TASK BRIEF:
The required output is the lines from the one with "画像12: ウマ娘プリティーダービー ジェンティルドンナ 勝負服 コスプレ衣装 (12)" through the end of the data, repeated verbatim, with no pictures included.

Image-caption web data:
━━━━━━━━━━━━━━━━
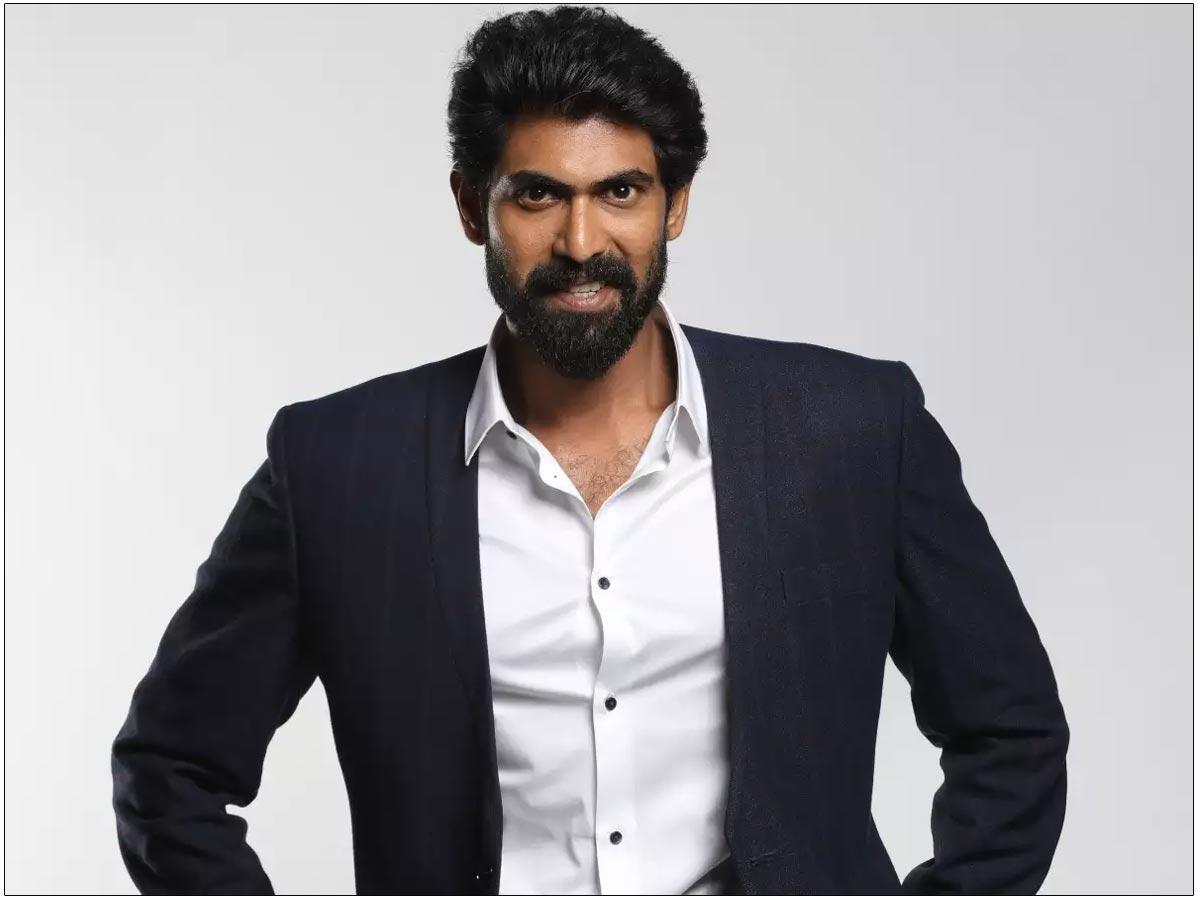 Rana Daggubati Loves Dark Roles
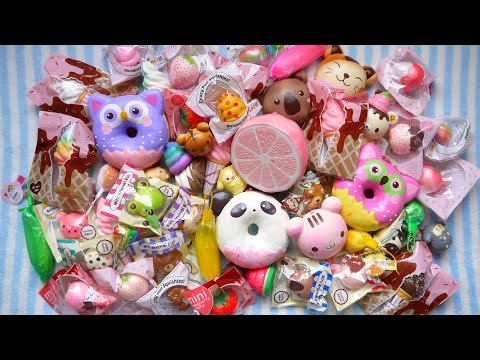 LARGEST SQUISHY PACKAGE EVER ~ NEW PUNI MARU SQUISHIES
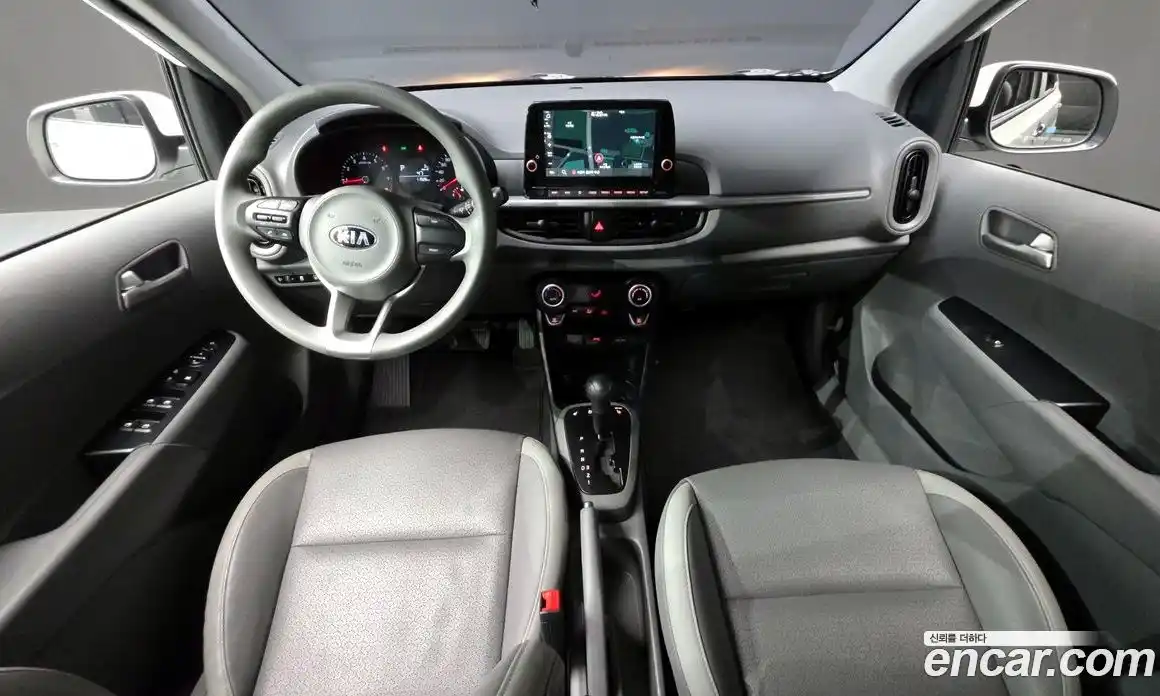 Kia Morning 2021 1.0 Автомат в Москве № 56153, фото 4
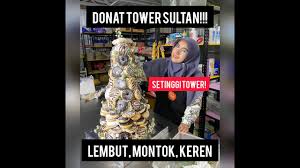 Cara membuat donat kentang mengembang sempurna juga dipengaruhi oleh proses menggoreng. Cara Membuat Donat Tower Lembut Montok Donat Sultan Youtube
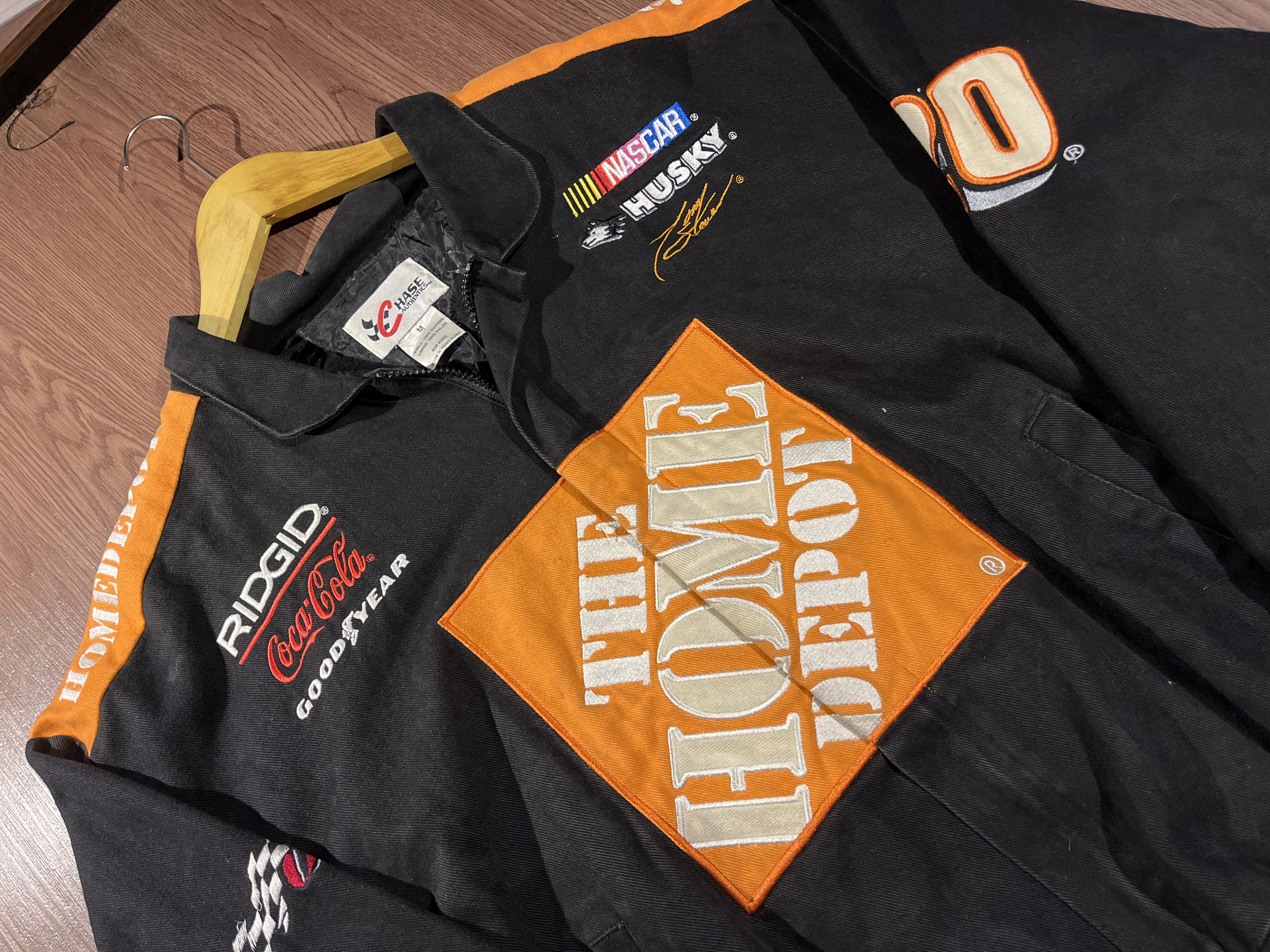 [XL] THE HOME DEPOT Nascar Jacket by Chase Authentic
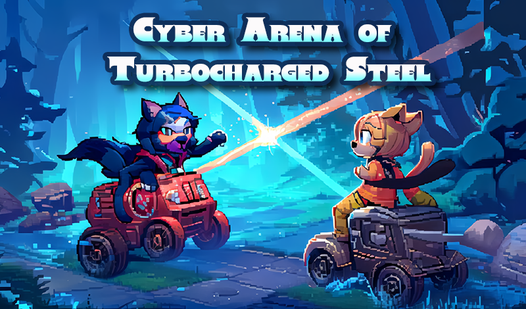 Cyber Arena of Turbocharged Steel  loading=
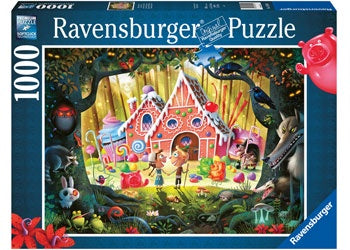 Ravensburger - Hansel and Gretel - 1000 Piece Jigsaw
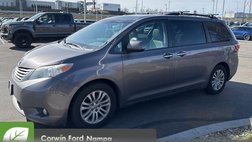 2015 Toyota Sienna XLE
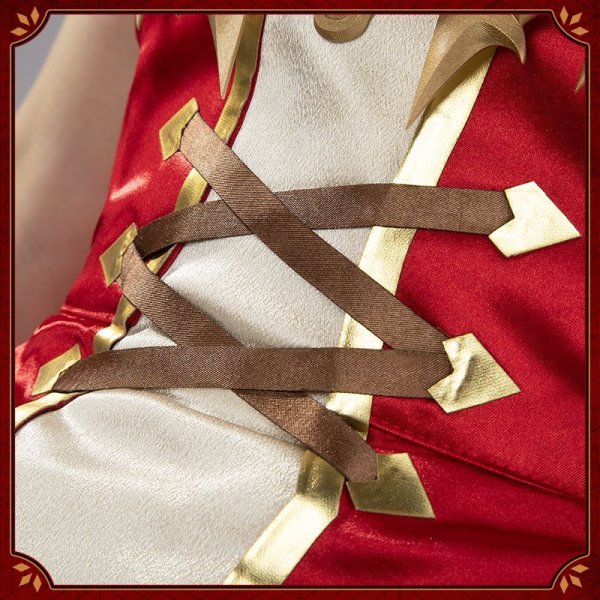 画像12: ウマ娘プリティーダービー ジェンティルドンナ 勝負服 コスプレ衣装 (12)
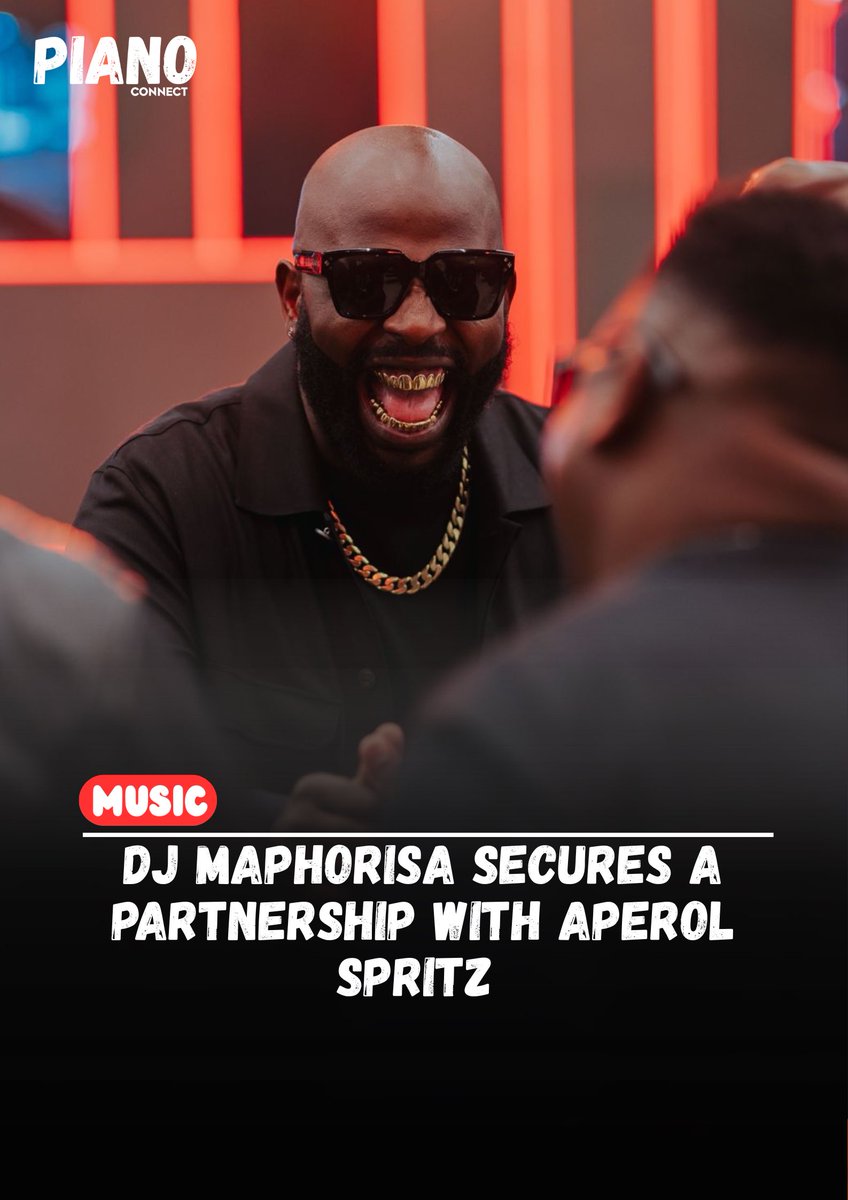 OffsetMGroup's tweet image. Dj Maphorisa secures a partnership with Aperol Spritz for an exciting campaign. The partnership brings together iconic brands known for authenticity, innovation and fostering culturally charged movements that places happiness at the centre of their communities.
━━━━━━━━━━━━━━━━
RESPONSE TO THE TASK:
 画像12: ウマ娘プリティーダービー ジェンティルドンナ 勝負服 コスプレ衣装 (12)
 OffsetMGroup's tweet image. Dj Maphorisa secures a partnership with Aperol Spritz for an exciting campaign. The partnership brings together iconic brands known for authenticity, innovation and fostering culturally charged movements that places happiness at the centre of their communities.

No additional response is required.